For Hawkins, the stakes are also significant. The 2024 free agency class at safety is solid if the Cardinals don’t somehow pick up Budda Baker’s club option, but it’s light on spectacular options. Hawkins will only be 27 years old when the 2024 season starts and already has a track record as a solid enough starter; a quality year in a quasi-starting role should make him one of the more attractive options in free agency at safety. If he wants to remain in Atlanta—not a given with Grant and Bates presumably in front of him—proving he can be a bit of a chess piece in that Nielsen defense will, as I said above, greatly increase the chances of that. Either way, a quality year gets Hawkins a nice contract from someone, while a quiet year could see him lost amidst the many mid-tier options set to hit the market.

What’s realistic?

The best-case scenario for Hawkins barring injury ahead of him or the kind of stellar summer that sees him overtake Grant is simple: The aforementioned third safety role, one that might see him deployed semi-frequently as a fifth defensive back. His only competition for that role seems to be Tre Flowers (maybe) and rookie DeMarcco Hellams, and I’d be stunned if either surpassed him on the depth chart.

We know that Hawkins is capable of playing well in that role because for long stretches over the past season-plus, he played well as a full-time starter.
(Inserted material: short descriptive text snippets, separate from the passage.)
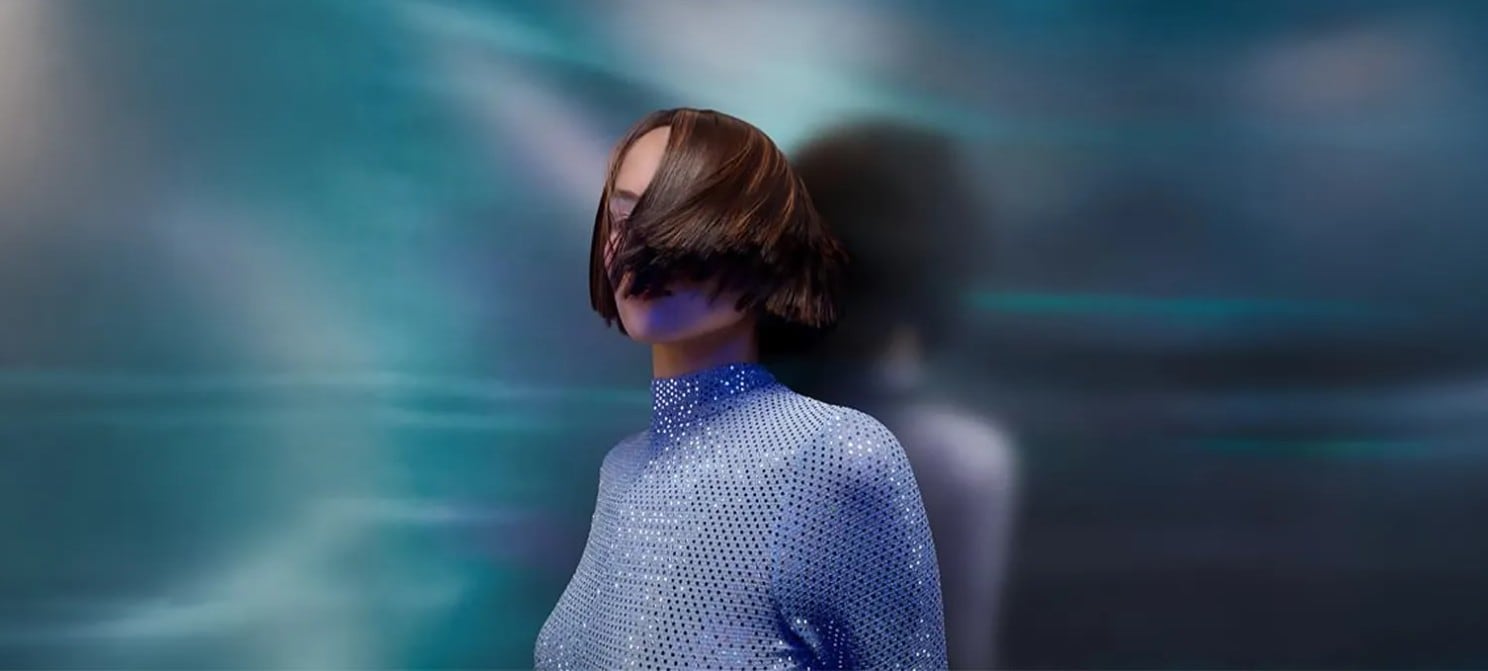 Coty exits Wella: what it means for the beauty industry 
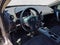 2015 Nissan Rogue Select FWD 4dr S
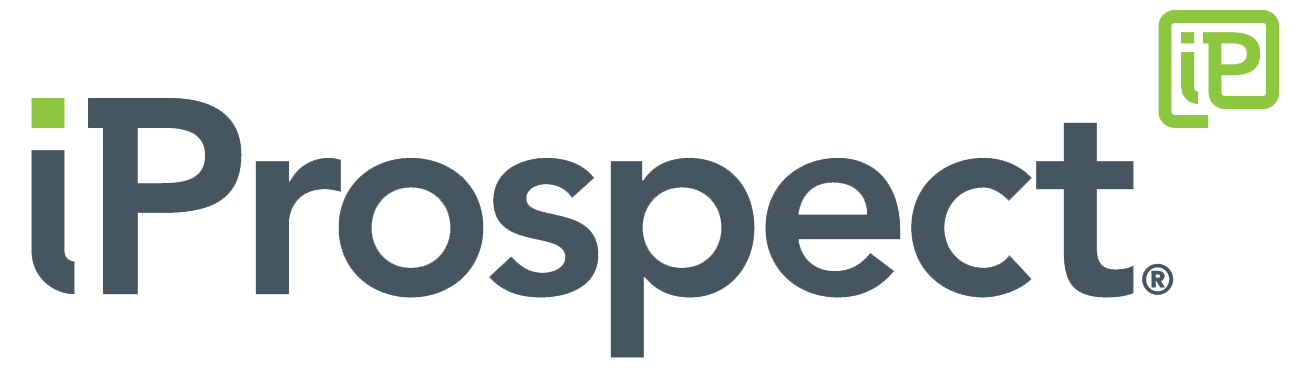iprospect iprospect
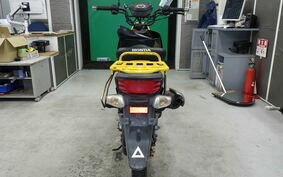 HONDA CROSS CUB 110 JA10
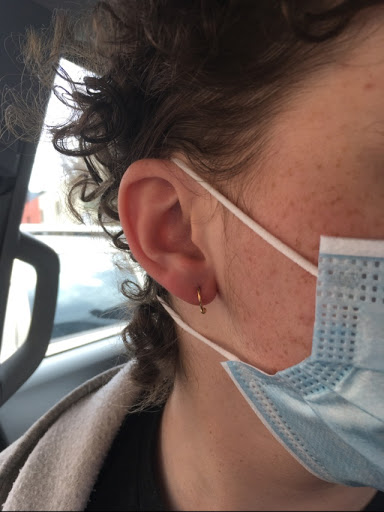 Explore tattoo ideas for 16 year old guy, creative tattoo ideas in Portland, available at Ritual Arts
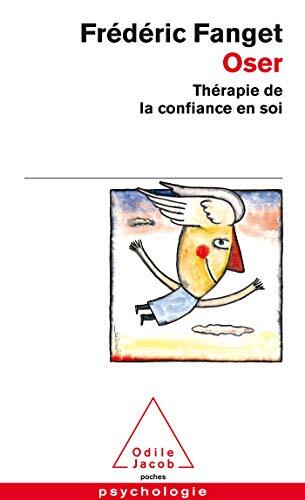 oser [175]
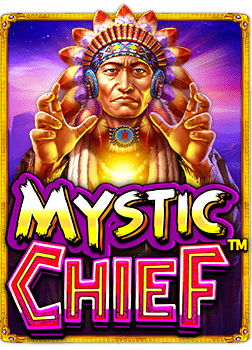 แอ พ เกม ได้ เงิน ทดลองเล่น: ความสนุกสุดคุ้ม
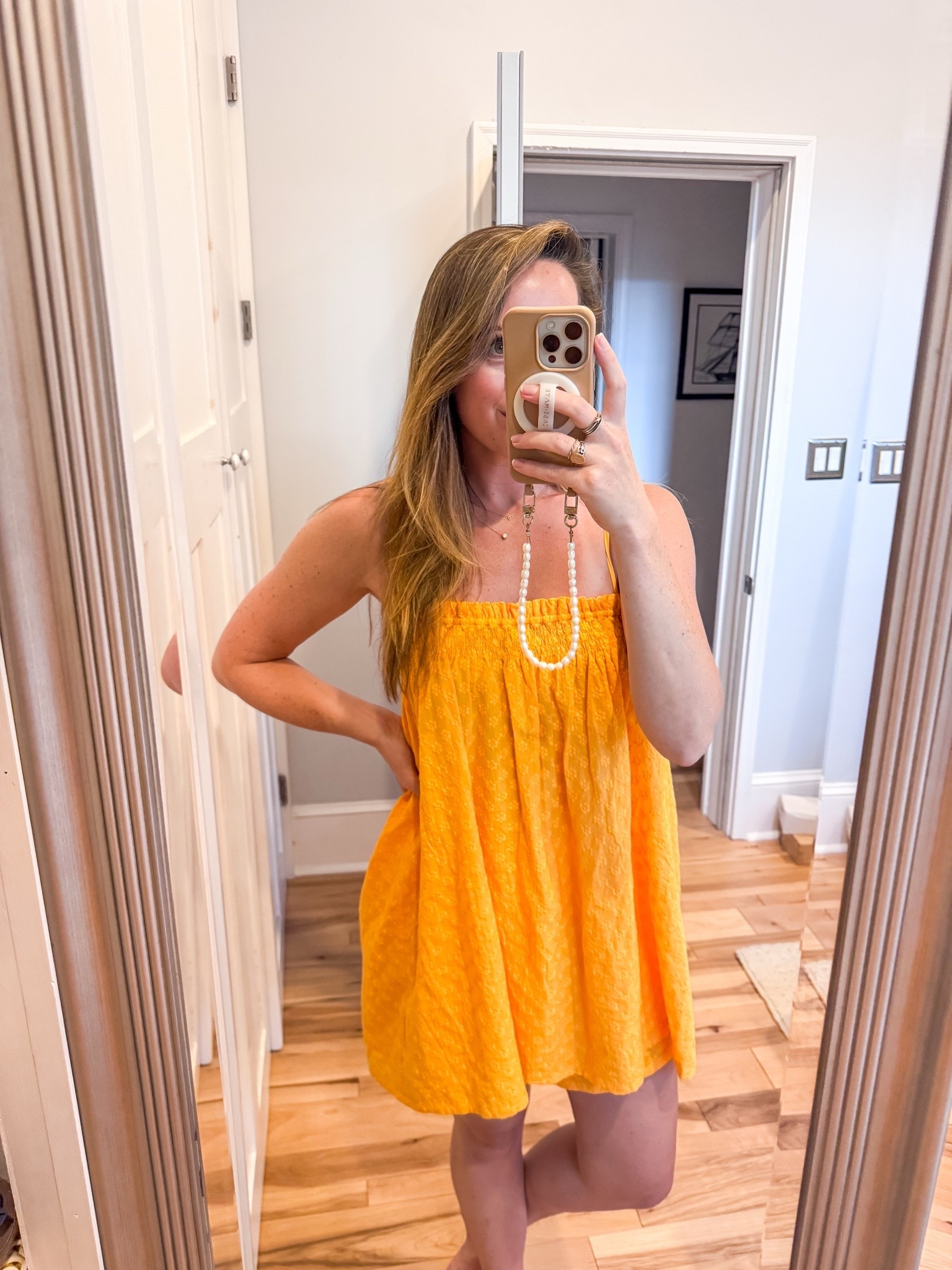 Another darling loungewear set I can’t stop wearing!

#LTKmomlife #LTKdayinmylife #LTKootd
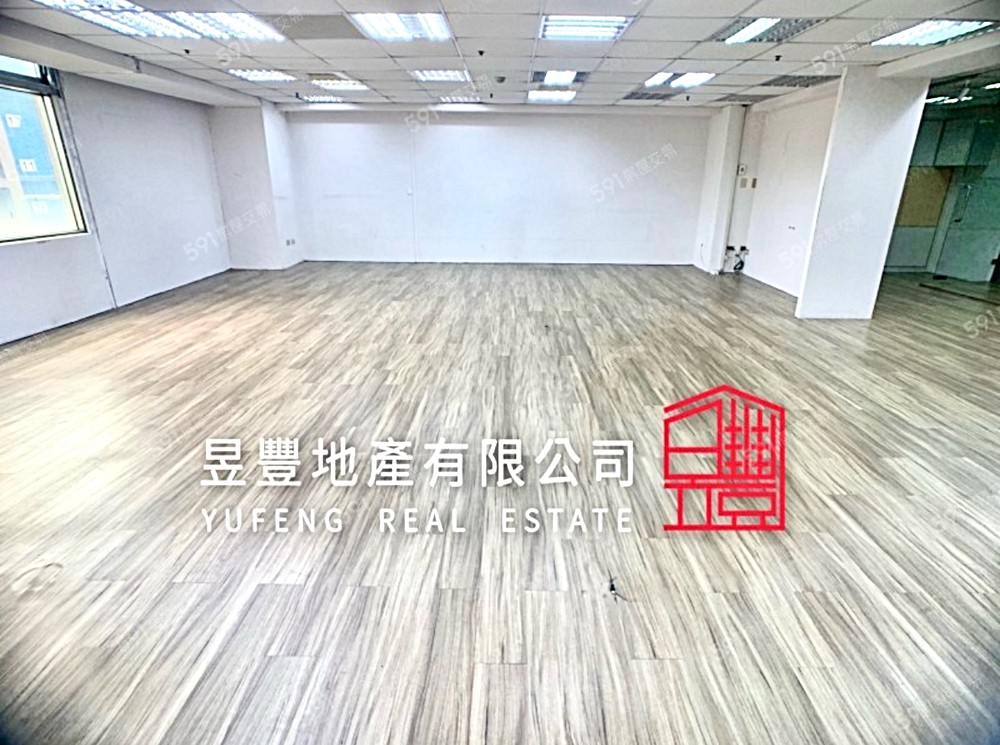 照片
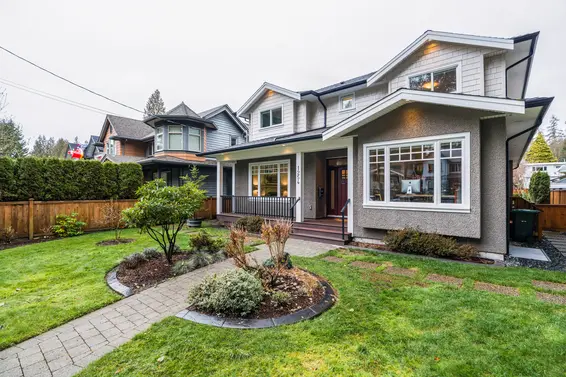 1254 West 22nd Street, North Vancouver For Sale - image 70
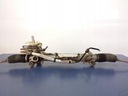 FIESTA VI MK6 STEERING RACK STEERING RACK 2S6C-3550-KD 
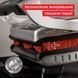 Електрогриль притискний Tefal OptiGrill+ XL GC727D10 577979ua фото 6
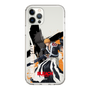 スリムプロテクションケース［ BLEACH 千年血戦篇 - 黒崎一護 ］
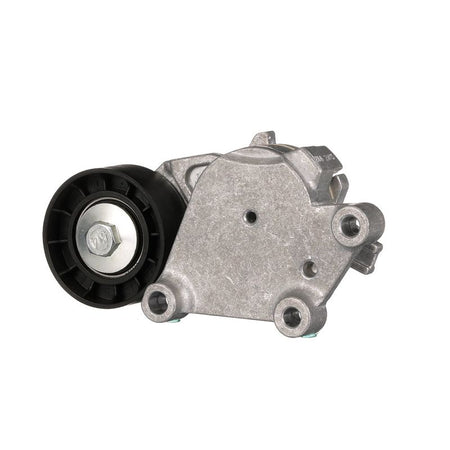 Gates T38331 Belt Tensioner, V-ribbed belt - 6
I think it’s realistic to expect him to seize that role and at least function well in it, though I’d bet heavily on him thriving if Nielsen gives him the playing time to do so.

For both Hawkins and the team, a stellar year in that role would be a big deal for 2023, and for Hawkins, it could mean a significant payday in 2024. The talent is there and the opportunity should be, so the hope is that this pivotal season will be a productive one for Jaylinn Hawkins.